Misinformation effect

Our materials were again successful in eliciting a typical misinformation effect during Session 1. For both the jacket, χ2(1, N = 439) = 32.43, p < .001, φ = .27, and item stolen questions, χ2(1, N = 439) = 43.80, p < .001, φ = .32, participants in the misinformation condition were significantly more likely to endorse the misinformation than participants in the control condition.

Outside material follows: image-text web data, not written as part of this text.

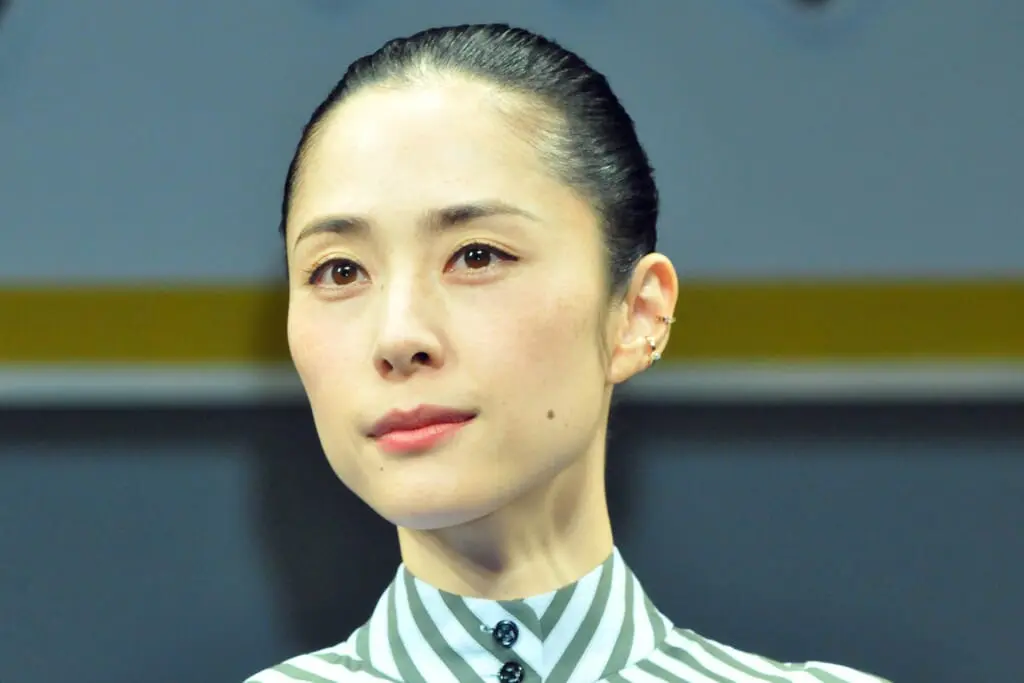 深津絵里 18年同棲スタイリスト恋人とは順調旅行も…『踊る』復帰の可能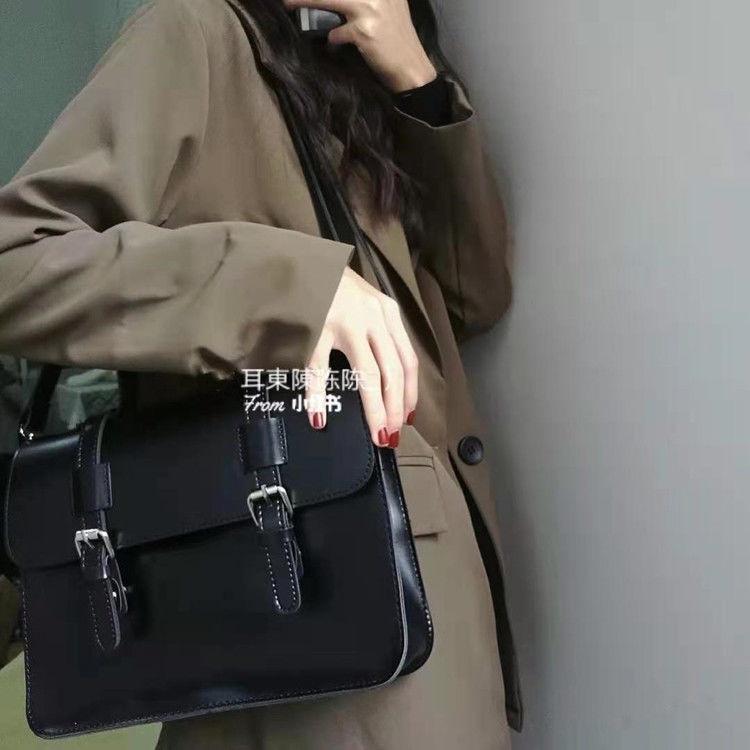 ♧Sera  Toko Harian Lain-Lain Perasaan Terbatas ~ Sekolah Tinggi Postman Messenger Tas 2021 Korea Retro College Double Gesper Inggris Tas Bahu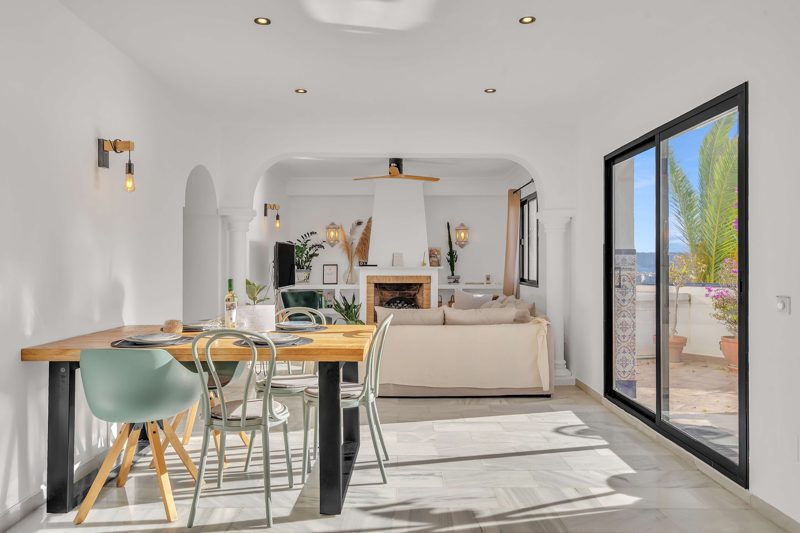 Living and dining room at Casa Joya Nerja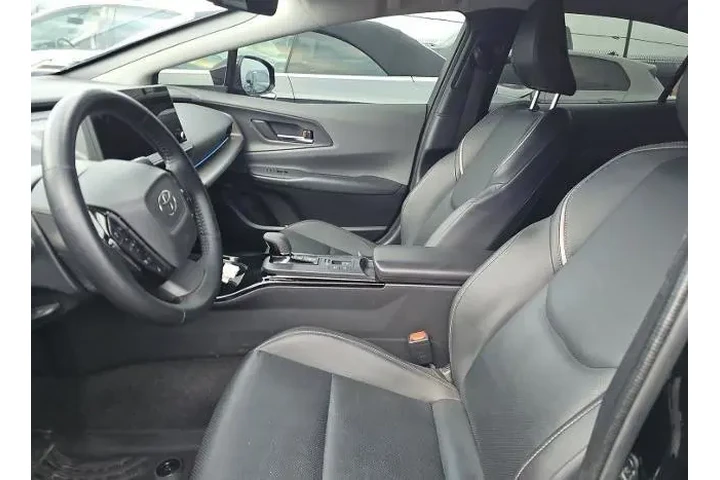 $28800 : Toyota Prius 2025 LE 4dr Hat image 6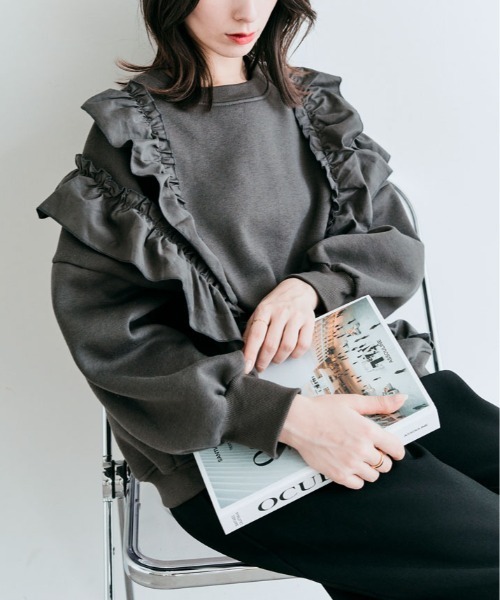 kirakiraShop(キラキラショップ)の「裏起毛 ラッフル スウェット プルオーバー(スウェット・レディース・オフホワイト/ブラック/杢グレー/チャコール/ネイビー/カーキ・FREE)」の4枚目の写真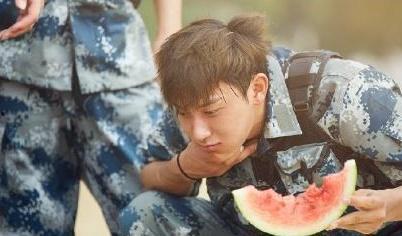 厨子明星吃瓜图片大全,趣味瞬间大盘点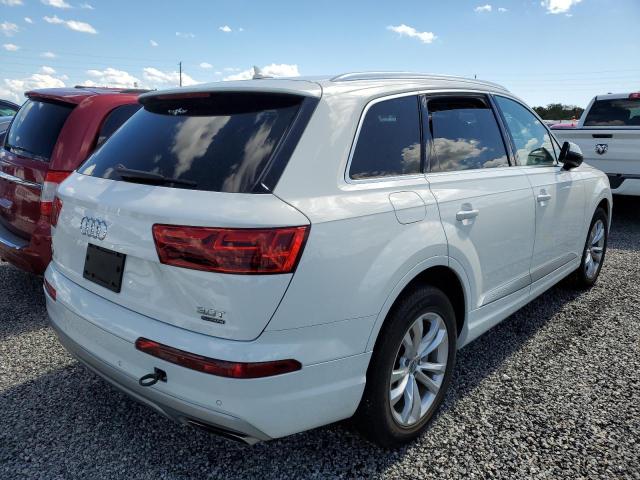 Photo 4 from auction – 2018 AUDI Q7 PREMIUM with VIN WA1LAAF79JD036519
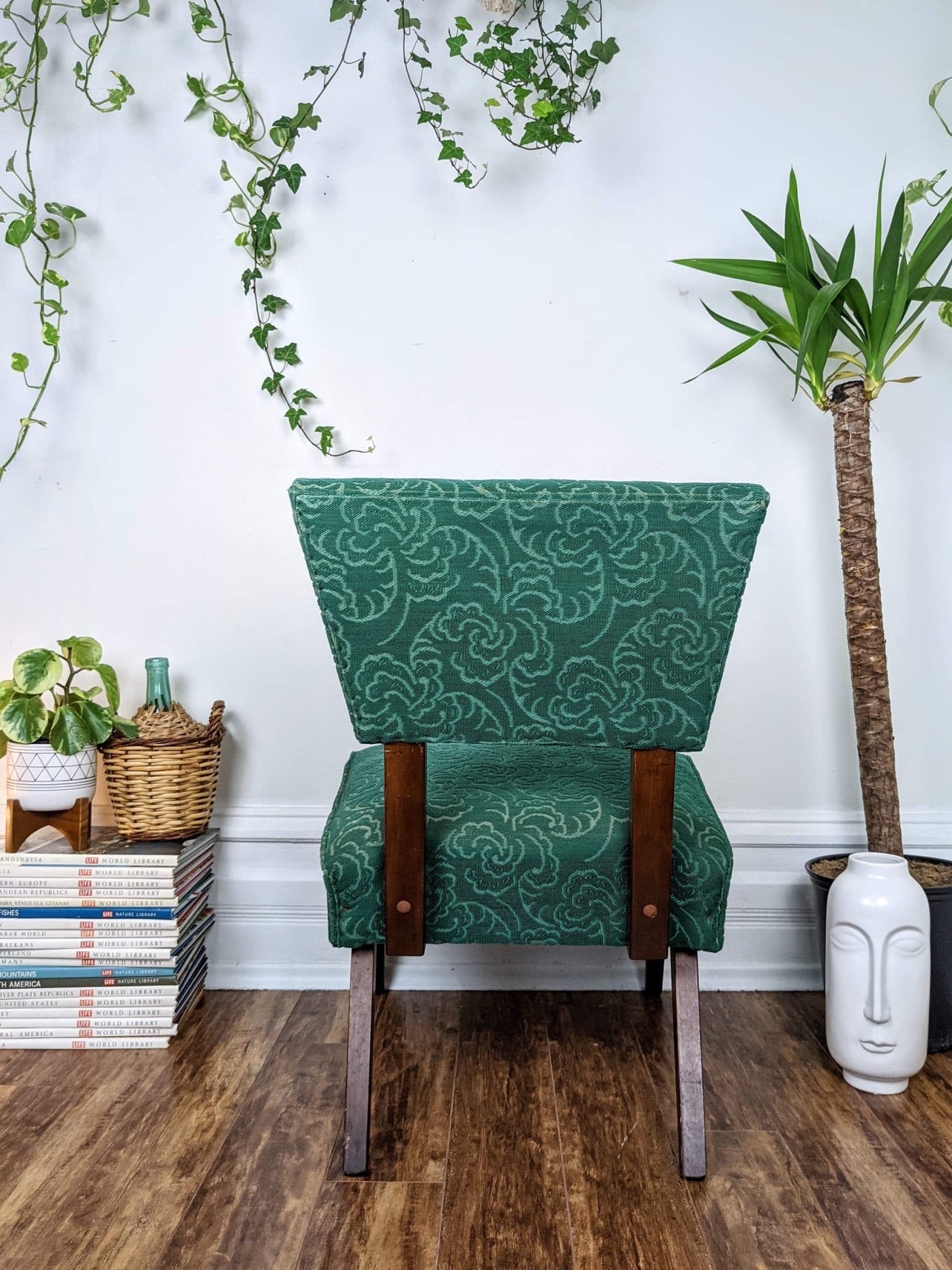 The Emerald Green Chair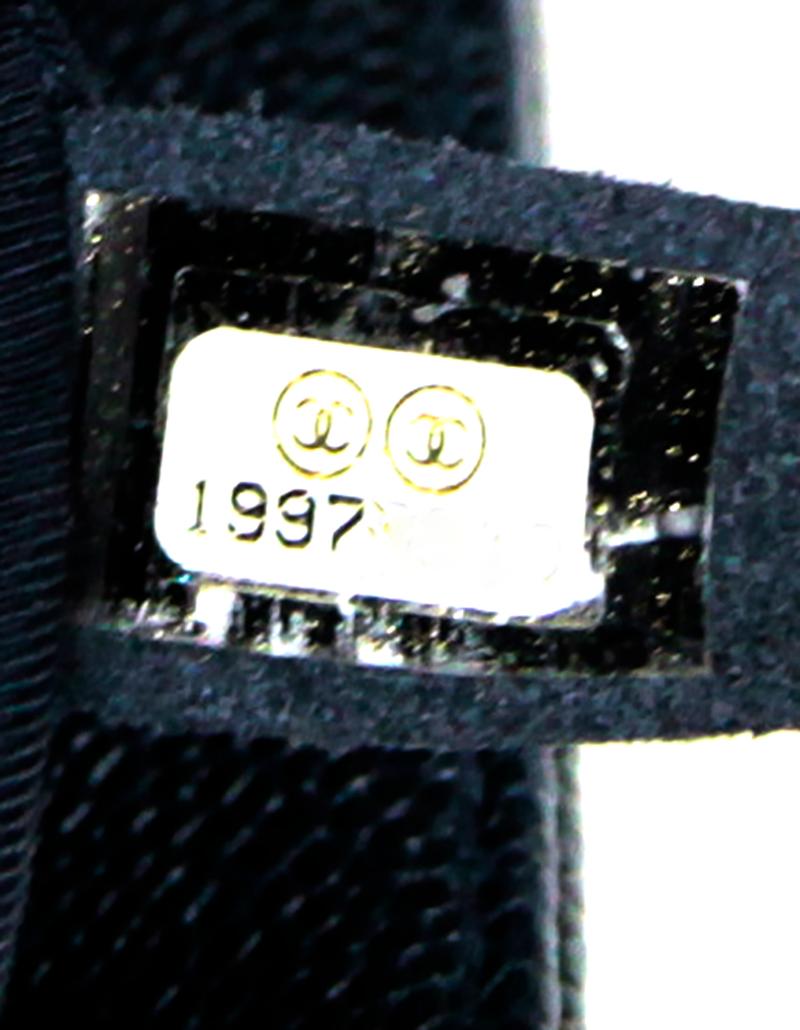 Chanel Navy Caviar Leather New Medium Boy Flap Bag 7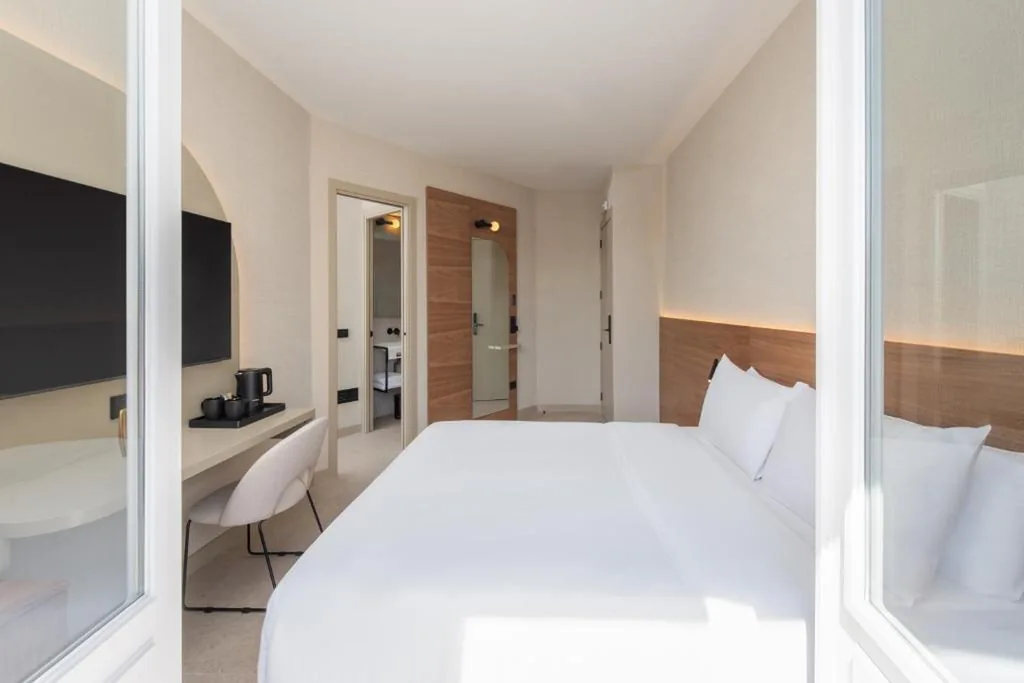 Suite junior con balcone — FORTINN Puerta del Sol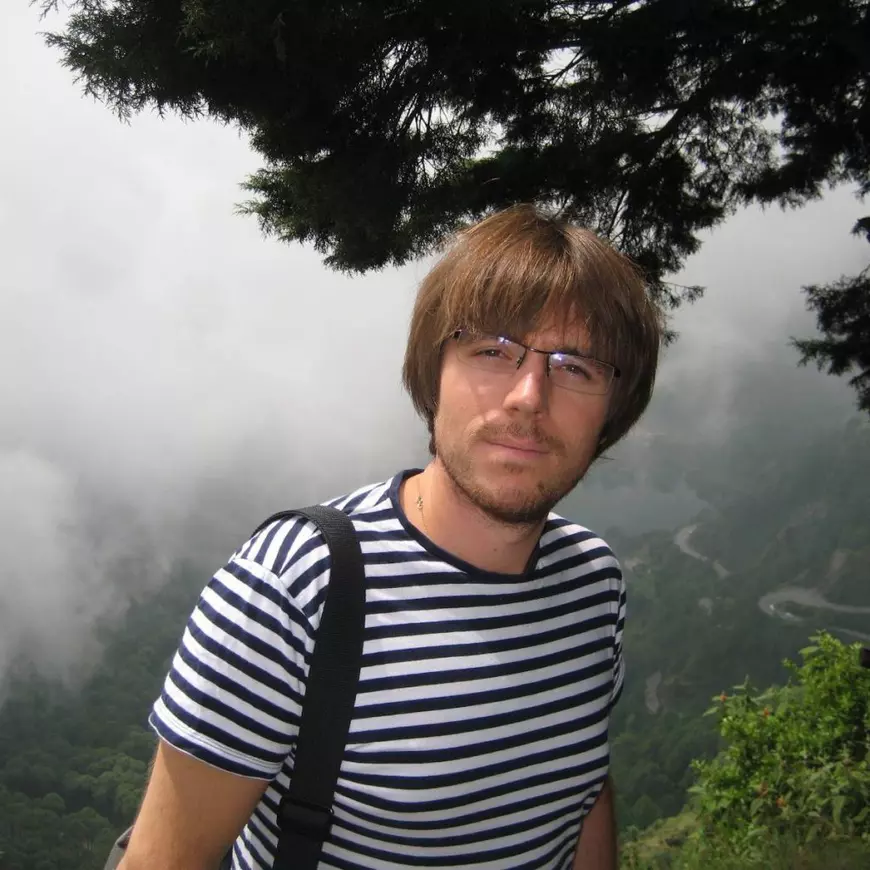 Valul de neîncredere în vaccinul AstraZeneca, „o eroare”. Genetician român la Cambridge: „Au fost niște probleme de comunicare”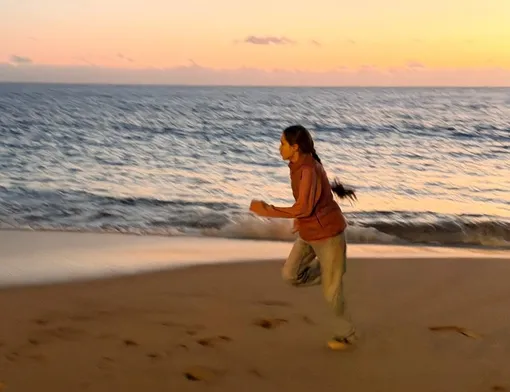 Варвара гуляет по набережной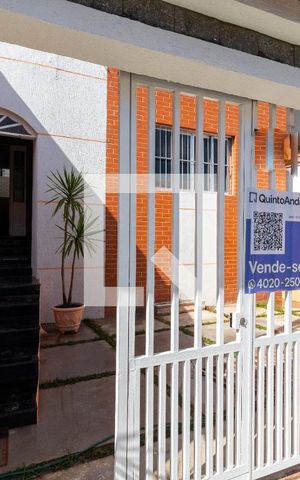 Casa à venda com 263m², 3 quartos e 2 vagasFachada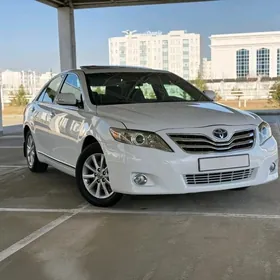 Toyota Camry 2011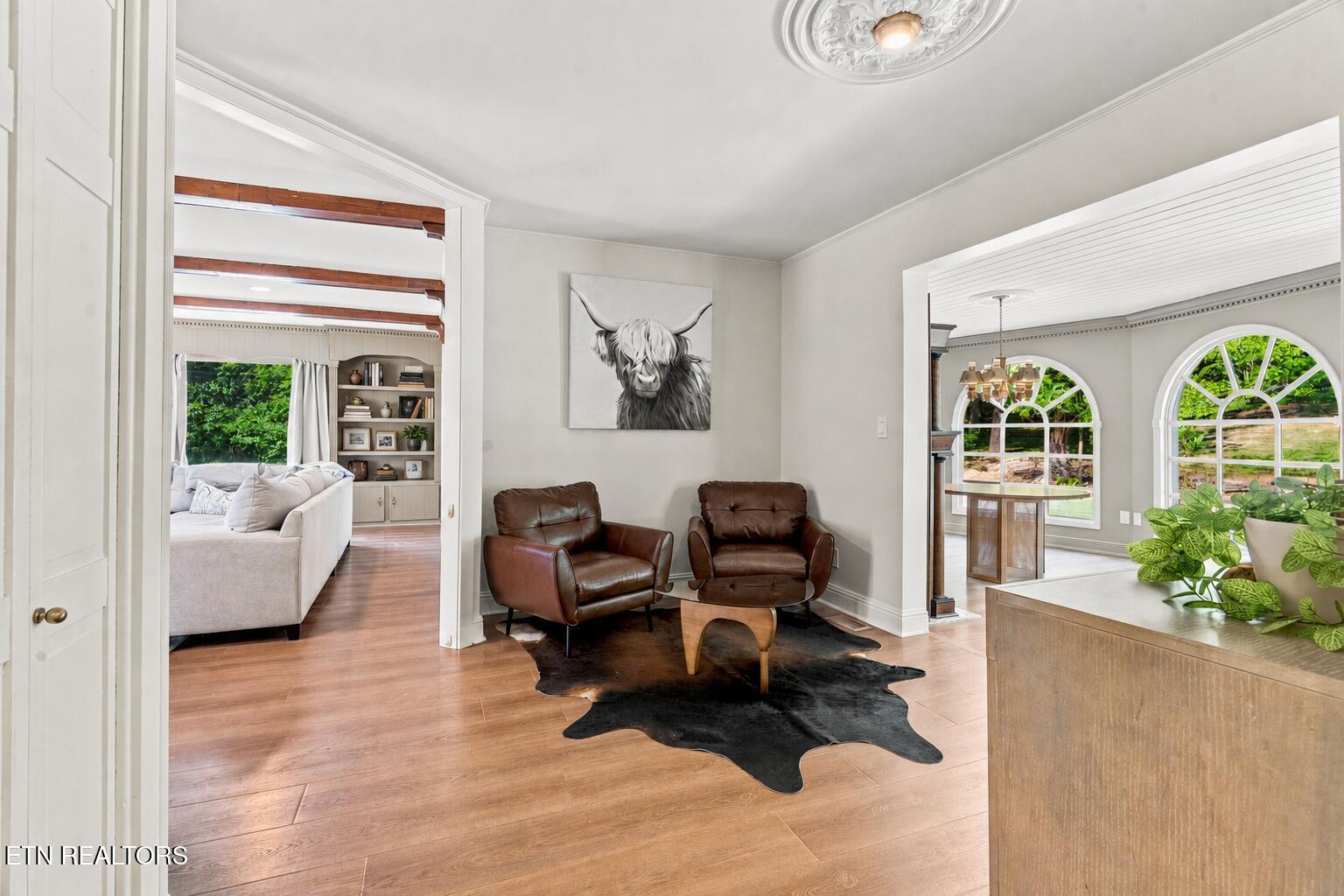 2704 Lakewood Lane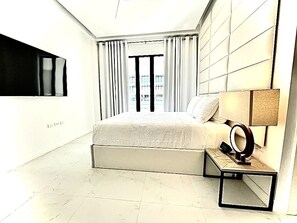 3 bedrooms, in-room safe, iron/ironing board, WiFi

We next explored whether the misinformation effect shown in Session 1 persisted into Session 2 by conducting separate chi-square tests for each debriefing condition. For the jacket question (see Fig. 2), there was a statistically significant misinformation effect in Session 2 in the no debriefing condition, χ2(1, N =144) = 5.23, p = .022, φ = .19, in the typical debriefing condition, χ2(1, N = 146) = 4.12, p = .042, φ = .17, and in the enhanced debriefing condition, χ2(1, N = 148) = 4.20, p = .040, φ = .17.

Fig. 2
figure 2

Misinformation effect for jacket question in Study 2

However, a different pattern emerged for the item stolen question (see Fig. 3). We found a statistically significant misinformation effect for those in the no debriefing condition, χ2(1, N = 144) = 20.74, p < .001, φ = .38, and those in the typical debriefing condition, χ2 (1, N = 146) = 13.70, p < .001, φ = .31. No statistically significant misinformation effect occurred for those in the enhanced debriefing condition, χ2 (1, N = 148) = 0.28, p = .597, φ = .04. Thus, the enhanced debriefing was effective in mitigating the misinformation effect over time only for the item that was specifically named in the debriefing.

Fig. 3
figure 3

Misinformation effect for item stolen question in Study 2

These analyses demonstrate an overall misinformation effect across all participants but do not show the pattern of how participants changed their responses over time. Table 2 displays how participants in the misinformation condition responded across the two sessions. So, for instance, 77% of participants in the misinformation/no debriefing condition that endorsed the jacket misinformation at Session 1 continued to do so at Session 2. Consistent with earlier analyses, participants remained largely consistent in their responses over time. If a participant did not endorse the misinformation at Session 1, they largely did not at Session 2. Similarly, if a participant did endorse the misinformation at Session 1, they typically also did in Session 2. This pattern noticeably diverges only for participants in the misinformation/enhanced debriefing condition for the item stolen question. Only 18% of these participants who endorsed the misinformation at Session 1 went on to endorse it at Session 2. For all other groups, 65% or more of the participants that endorsed the misinformation at Session 1 also did so at Session 2.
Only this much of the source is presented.